Speak Freely for Windows


IDEA encryption

If an IDEA key is specified in the Option/Connections... dialogue, it will be is used to encrypt sound transmitted to that host with the International Data Encryption Algorithm (IDEA). In order to decrypt sound encoded with IDEA, the connection on the receiving machine specify an identical IDEA key. The IDEA key phrase can be as long as 255 characters. The actual IDEA key is created by applying the MD5 algorithm to the given key phrase to create the 128 bit IDEA key.

IDEA encryption is substantially faster and generally considered to be much more secure than DES encryption. However, IDEA is newer, has not been formally adopted by governments, and is patented, restricting its commercial use. If your CPU is fast enough, you can enable any combination of IDEA, DES, and key file encryption. But since PGP uses IDEA to transmit message bodies, if you rely on PGP to exchange keys with other parties, the fundamental security of your voice link rests upon IDEA alone.

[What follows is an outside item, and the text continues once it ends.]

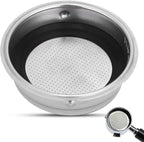 1 Cup 51mm Coffee Filter Basket, Stainless Steel Pressurized Mesh Coffee Filters Bottomless Portafilter Coffee Machines Accessories for Semi-Automatic Coffee Machine Series (1 Cup)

Cipher block chaining is used within each sound packet, but not from packet to packet. If that were done, loss of a single packet would render the entire rest of the conversation unintelligible.

Speak Freely will continue to correctly receive unencrypted sound from a given host even if an IDEA key is specified for the connection.

The IDEA encryption algorithm is patented and may not be used commercially without a license; see "Patent issues" for further details.